En el caso de los vegetales se trata de una pura troficidad, mientras que en el


reino animal la materia orgánica, por sistematización, ha desgajado una función
nueva: la sensibilidad. Se trata de seres dotados de la capacidad de ser
estimulados y de articular, en función de esa estimulación, un sistema de
modificaciones tónicas y de respuestas. El animal realiza esta función mediante
un sistema nervioso y un cerebro cada vez más evolucionado. A medida que
avanzamos en la escala biológica nos encontramos con una mayor y progresiva
formalización de la sensibilidad, es decir, una mayor capacidad de aprehender
las cosas del medio circundante como dotadas de una mayor independencia
entre sí y respecto al aprehender, como ya estudiamos.

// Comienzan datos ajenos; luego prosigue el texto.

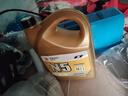 高德润达半合成汽机油汽车保养发动机油劲音N5系列 SL级5w-40 4L 京东养车 实拍图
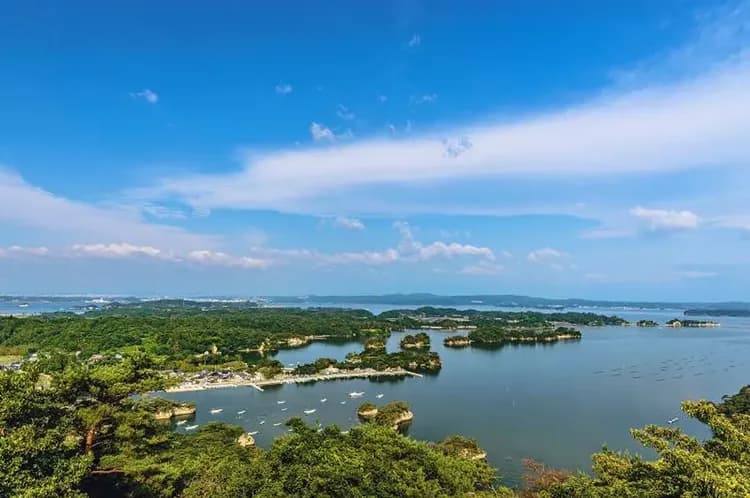 松島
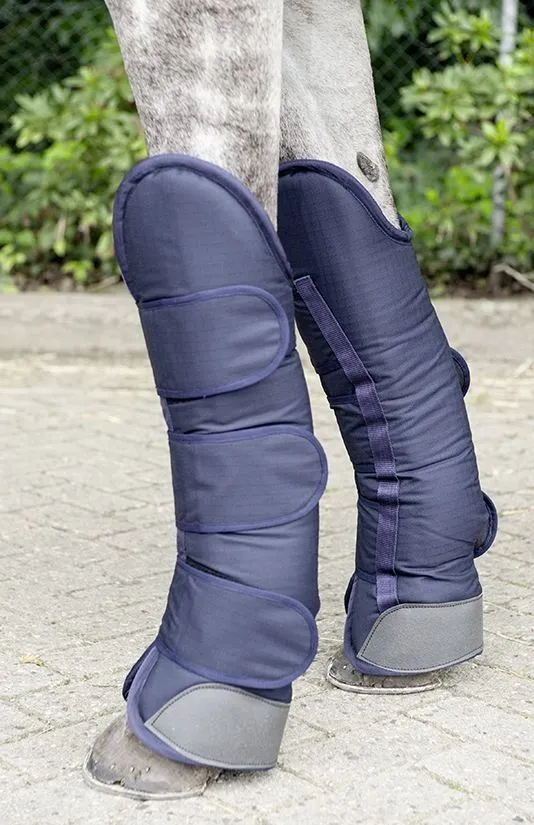 HKM Travel Boots Premium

Nuestra pregunta, en este momento, se vuelve sobre el hombre: ¿es el hombre


un ser únicamente material, se reduce enteramente a una explicación físico-
química, como pretende el materialismo vulgar; o es necesario afirmar en el
hombre la presencia de propiedades radicalmente originales, irreductibles a la
materia? Es decir, ¿es la psique del hombre un fenómeno puramente aparente,
que en el fondo no tiene ninguna realidad? O, por el contrario, como pretenden
los espiritualistas, ¿tiene la psique humana una realidad sustantiva, que la
convierte en independiente del organismo material?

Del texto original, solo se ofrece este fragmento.